Es un hecho incontestable que la izquierda detesta el concepto de caridad. Los progres quieren que los ricos contribuyan por obligación, no que hagan donativos, ni que sean mecenas, ni patrocinadores. No pueden sufrir que una biblioteca, un museo o una institución benéfica reciban el nombre de un ciudadano o una empresa, que además de crear miles de puestos de trabajo y pagar sus impuestos, decide invertir parte de sus beneficios en proyectos culturales o sociales. El Gran Benefactor solo puede ser el Estado, y del individuo solo cabe sospechar, incluso cuando se muestra generoso.

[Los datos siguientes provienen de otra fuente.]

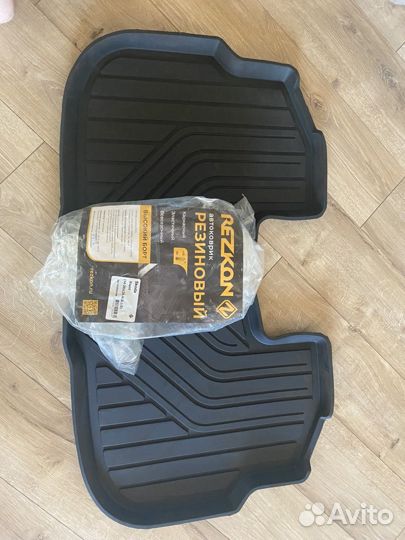 Коврик резиновый в машину на skoda. Новые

La mentalidad de izquierdas considera que la caridad no es más que una válvula de escape que permite a un sistema injusto, basado en la explotación, seguir sosteniéndose, cultivando encima la gratitud de los humildes. De manera análoga, las feministas radicales se pondrán como fieras si a un hombre se le ocurre declarar que ayuda a su mujer en las labores domésticas. ¡Cómo que "ayuda"! El trabajo doméstico tiene que estar repartido -por ley, idealmente- estrictamente al 50 %, porque cualquier otra cosa supone justificar un sistema machista opresor, etc.

Obsérvese que en la sociedad ideal que imagina el progresista, no hay lugar para la generosidad arbitraria... ni por tanto para la gratitud. Todo está pactado, regulado de antemano, por lo que nadie puede esperar recibir más que lo que merece. Quién y cómo decide lo que merece cada cual nos llevaría por un camino de arduas reflexiones que acabaría con la infundada certeza moral que anima al progresista. Y nos llevaría, si quisiéramos llegar hasta el final, a la disyuntiva entre dos visiones radicales de la existencia: La de quienes sentimos gratitud por el solo hecho de existir, y por tanto consideramos todo derecho como un don, como algo que nos ha sido dado generosamente, por un acto de amor. Y la de quienes no creen deber su existencia a ningún Ser personal, ni por tanto creen que procedan de Él sus derechos. Son estos últimos quienes creen que no deben dar las gracias por nada, sino que el Estado (o sea, todos los contribuyentes) les debe esto o aquello, la sanidad, la educación, la pensión de jubilación y hasta la felicidad.

Por eso Javier Marías ha rechazado el Premio Nacional de Narrativa: para no tener que dar las gracias. Por lo mismo que los progres odian la caridad: porque odian dar las gracias, que es algo que va contra lo más profundo de su manera de ser.